Conviction-driven – Does Bronco have conviction? Sure he does. I don’t think any of us would doubt that. But does he truly love what he is doing? Everything? I can honestly say I don’t think he does. I take no issue with his desire to not be a lifer like LaVell Edwards; that much is fine. But they way he treats the media and more importantly, the fans, makes me believe he doesn’t fully embrace being a coach at BYU. We’re a “peculiar” breed as BYU fans, but I don’t think as a collection that we’re nearly as uneducated as he might believe we are. Can he change? Who knows? I think he could, but it would be hard. Will he change? I can say never, but if “never” were a destination, he might be waiting at the customs counter to get in.
Overlearning – “The manager who has an organization full of individuals who operate on autopilot has no need to direct them because they are able to direct and monitor themselves.” I feel as though this describes exactly the opposite of Bronco. Case in point, at the end of the Utah State game. It shouldn’t have mattered at the point of the last play of the game when Taysom Hill got hurt. In that situation, it should have been so well-understood by Mendenhall, Brandon Doman, and Hill, that taking a knee was the correct play in that situation. Instead, Taysom Hill busts up his knee and was lost for season.
Audible-ready – Which leads me to my next point; Bronco is not audible-ready. When was the last time you saw a BYU coaching staff make an adjustment in the game or at half-time that put the Cougars in a better situation to win? Bronco has stated time and again that he plans his game plan and that because he’s put the time into it that it is the best game plan for that game. I feel as though being audible-ready would include acknowledging that Idaho and Notre Dame are not the same opponent and that one game plan would not be acceptable against both teams.
Consistency – I feel consistency might be the one term here that truly defines Bronco. He is nothing if not consistent; even at the detriment of the team sometimes. But disappearing from the preparation of the whole team just to focus on one aspect of the same game is not the most effective way to lead. How can he catch the mistakes that are showing up in the games (i.e. poor offensive line play, poor quarterbacking decisions, and awful play-calling at the wrong times) if he isn’t there to catch them in practice and blow his whistle to make them run it again? His one consistent mantra of late seems to be, “If the offense ain’t working, then release them and invite them to apply again.”
Honesty-based – When he took over the BYU football team in 2005, he was juxtaposed against Gary Crowton. He was refreshing, honest, straight-forward, and a welcome respite from the dark days we had all endured. He quickly earned the respect of the staff, the players, the admin, and the fans. However, in the past few season, it seems as though disdain for the fans (and the admin) has crept into his demeanor. His dealing with this Riley Nelson issue these past three seasons really feels like he’s been nothing short of dishonest with himself, the team, the media, and the fans.

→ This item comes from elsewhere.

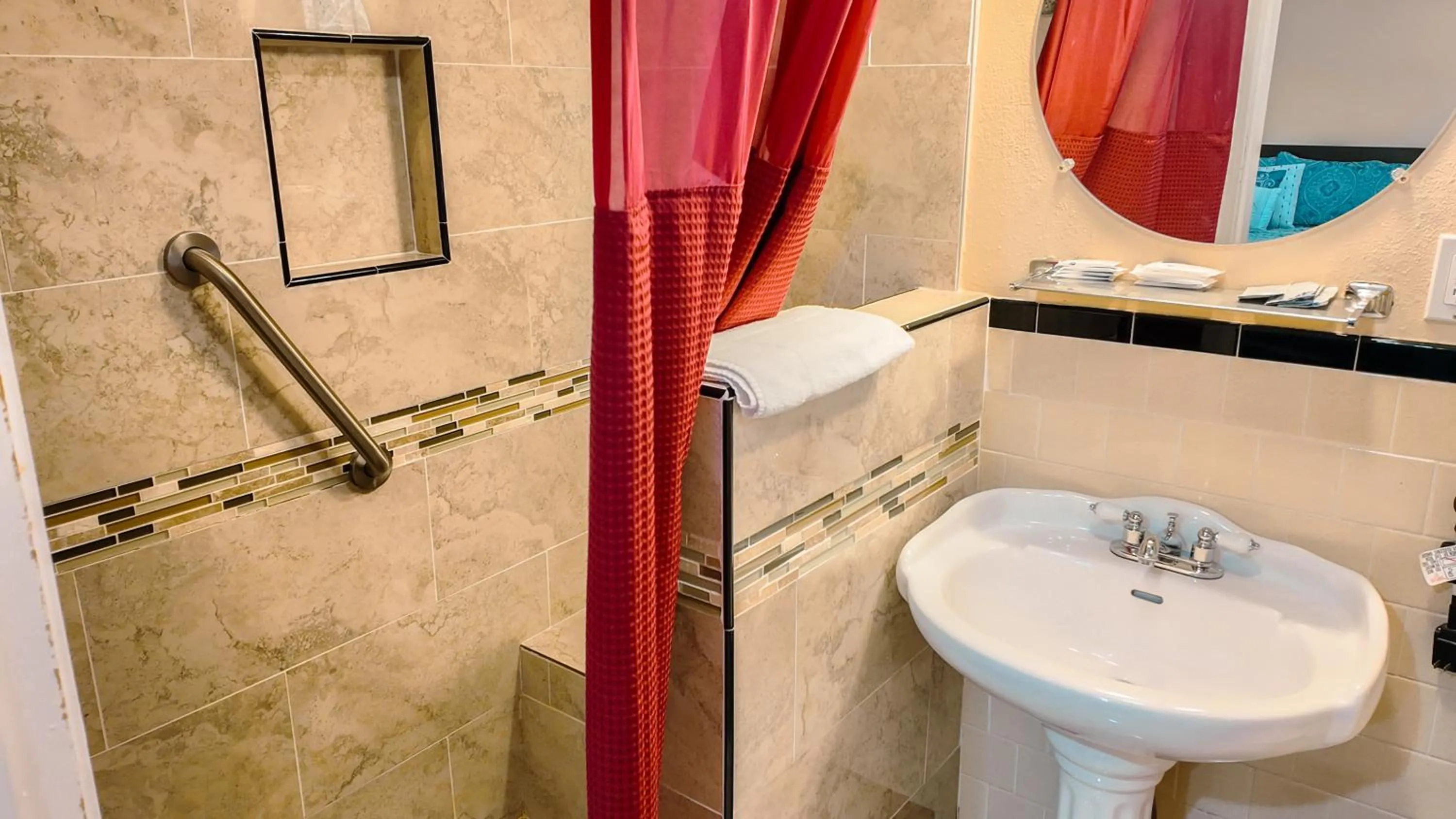 Bathroom in Briarcliff Motel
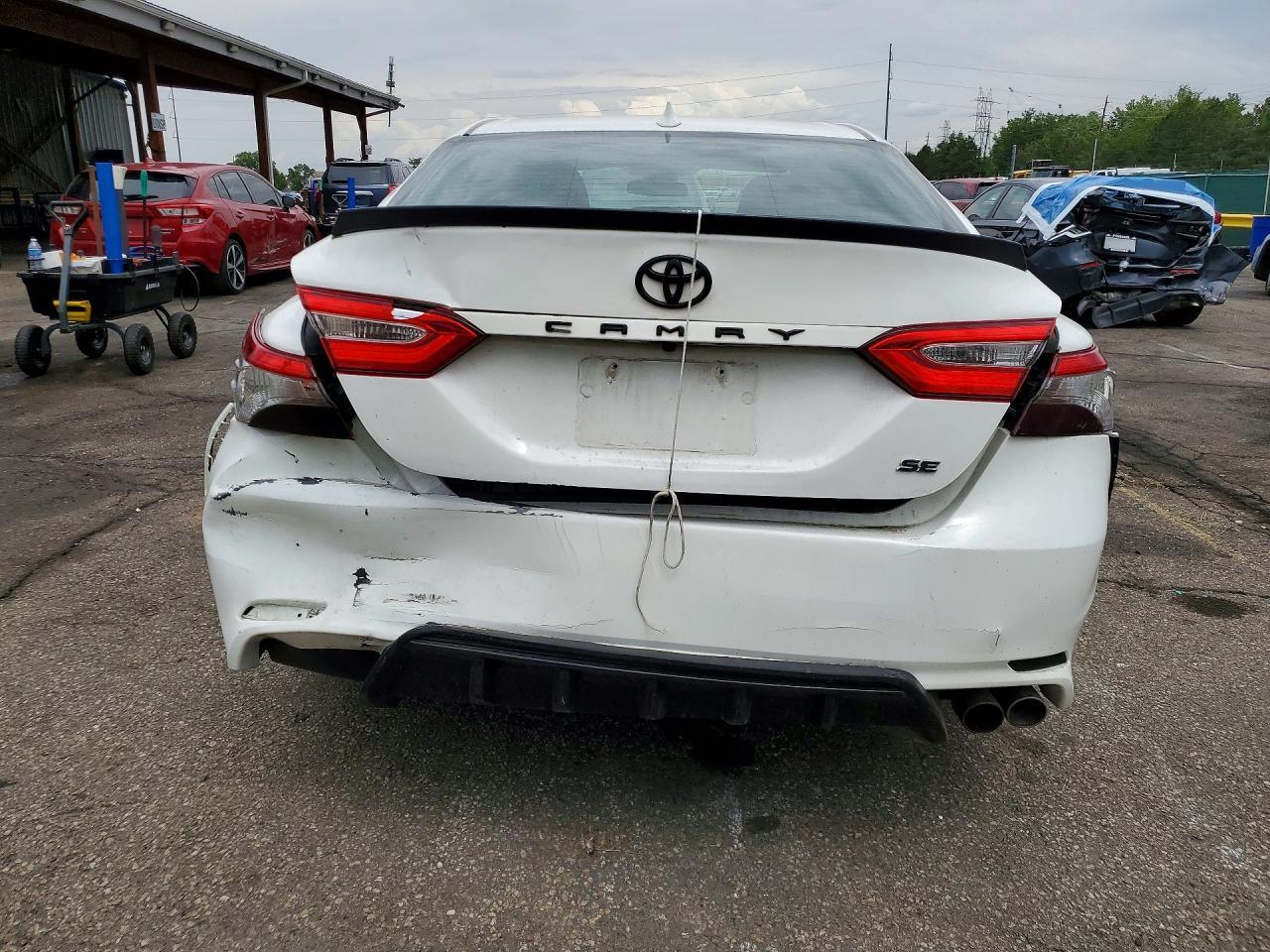 2019 Toyota Camry Se - Image 6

Don’t let this cause you to think I’m not a Bronco fan; I am. Is spite of the challenges and deficiencies I described above, I think he came to Provo at the right time and did the right things. His work within the construct of our defense has been nothing short of magnificent. And if my world were perfect (and I know I probably speak for 99% of all BYU fans) he would be our defensive coordinator forever. But he won’t, and as such, he will continue to be subjected to criticism of his coaching style.